• _Material to process_
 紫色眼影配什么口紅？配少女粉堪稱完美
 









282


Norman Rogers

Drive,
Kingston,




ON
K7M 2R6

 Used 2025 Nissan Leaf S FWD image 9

* * *

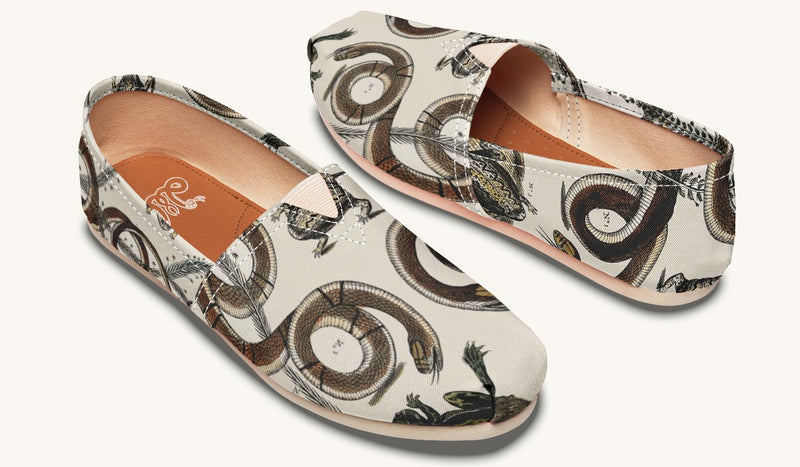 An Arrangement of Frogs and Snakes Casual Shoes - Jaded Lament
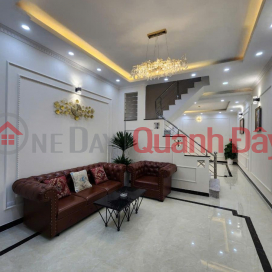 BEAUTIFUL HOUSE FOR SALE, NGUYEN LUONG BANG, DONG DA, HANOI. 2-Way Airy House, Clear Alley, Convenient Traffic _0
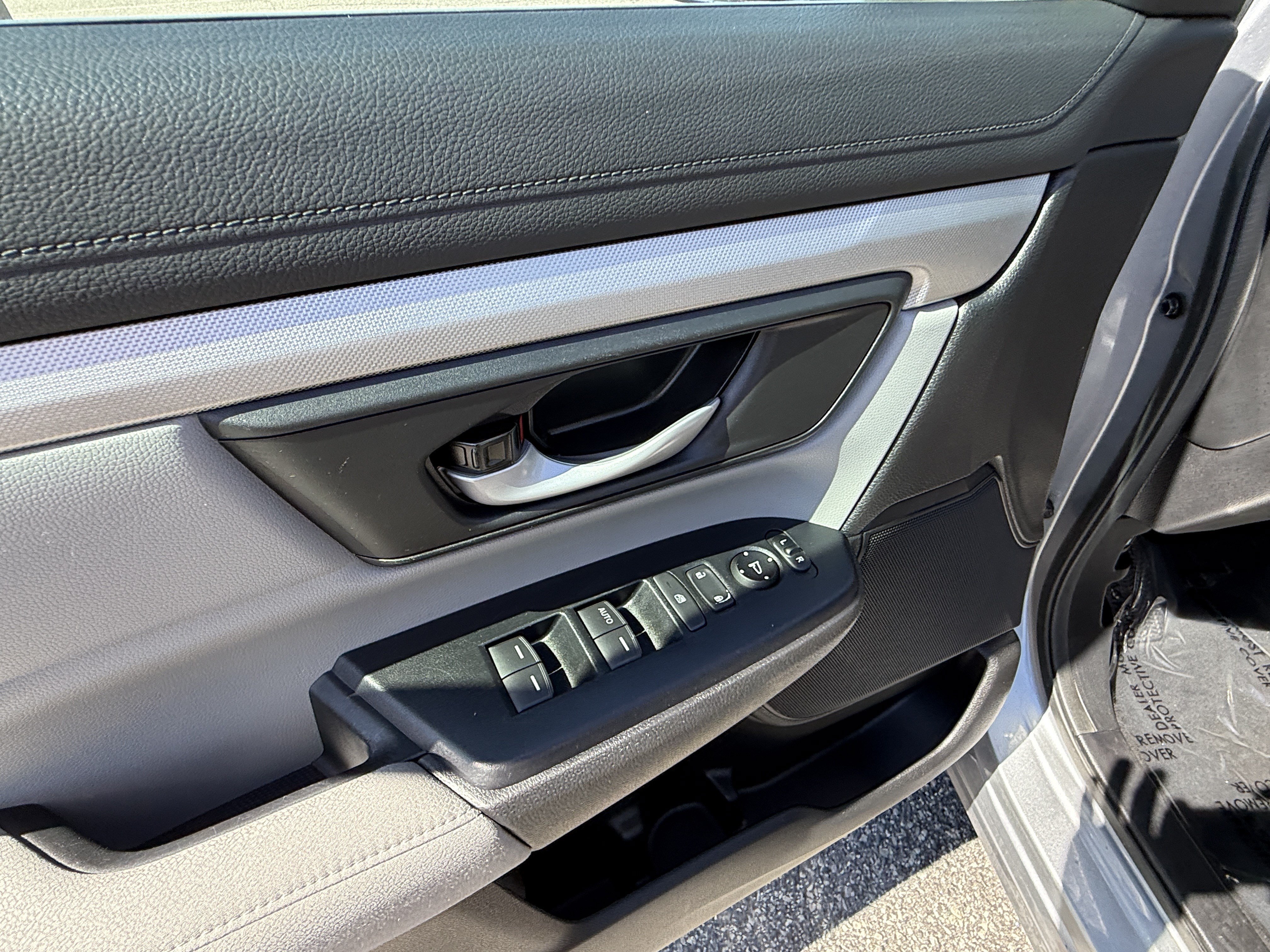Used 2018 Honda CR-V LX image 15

...

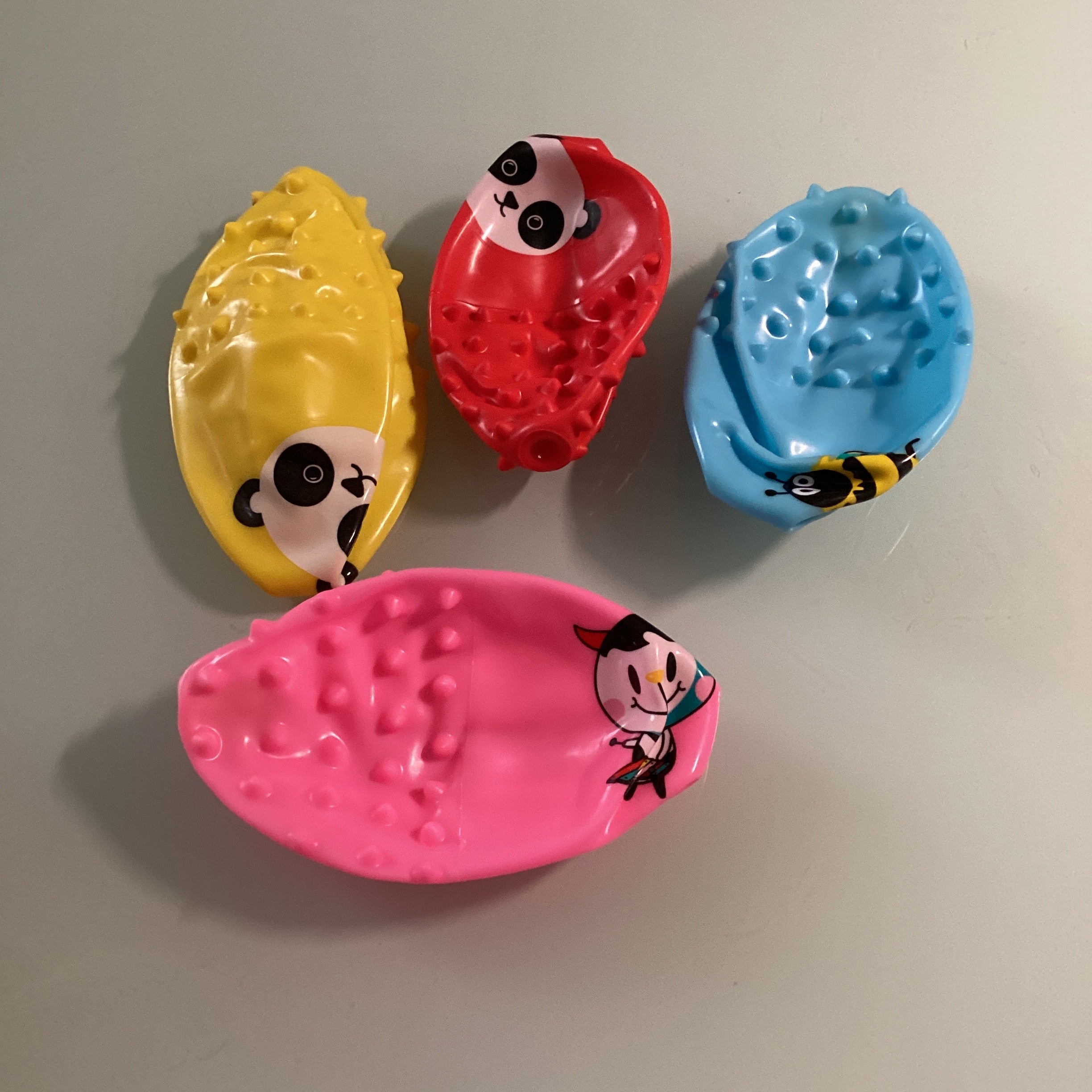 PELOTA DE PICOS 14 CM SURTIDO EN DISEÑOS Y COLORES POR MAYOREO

• _What this task involves_
Print, from the entries above, the line with "Norman Rogers", the line with "Used 2025 Nissan Leaf S FWD image 9" and all lines between them, exactly and with nothing else.

• _Result of this task_
Norman Rogers

Drive,
Kingston,




ON
K7M 2R6

 Used 2025 Nissan Leaf S FWD image 9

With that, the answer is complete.